- **GIVEN DATA**
········
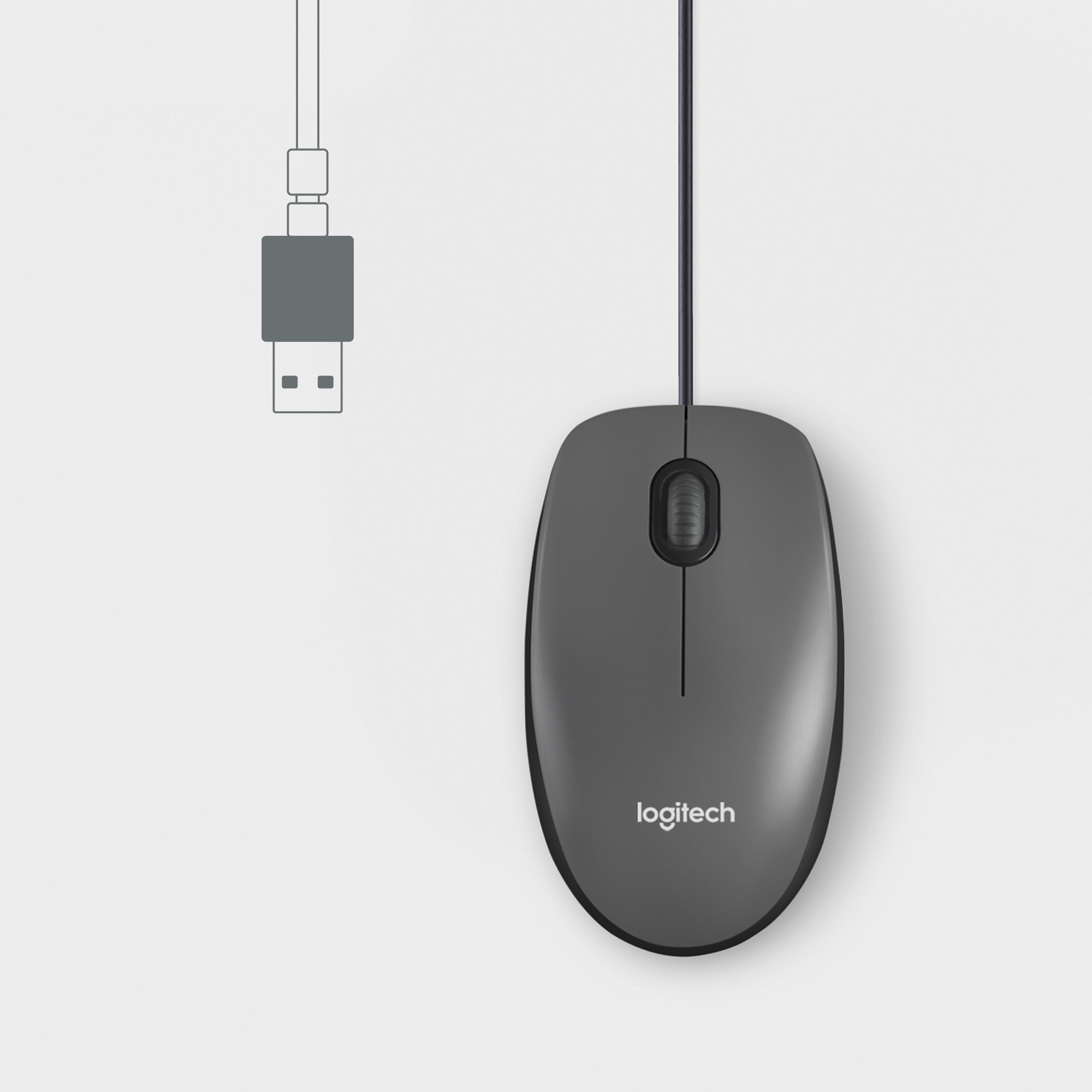 Logitech Maus M100 USB, schwarz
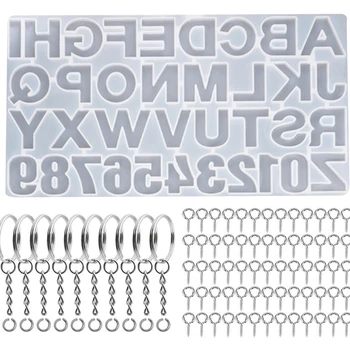 

1 Set DIY Alphabet Letter Number Keychain Pendant Silicone Mould Crafts Jewelry Making Tool Crystal Epoxy Resin Mold
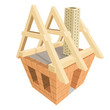 Structure of house in construction. Illustration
········
Would you repeat the complete listing exactly, excluding each picture it holds?

 Logitech Maus M100 USB, schwarz

1 Set DIY Alphabet Letter Number Keychain Pendant Silicone Mould Crafts Jewelry Making Tool Crystal Epoxy Resin Mold
 Structure of house in construction. Illustration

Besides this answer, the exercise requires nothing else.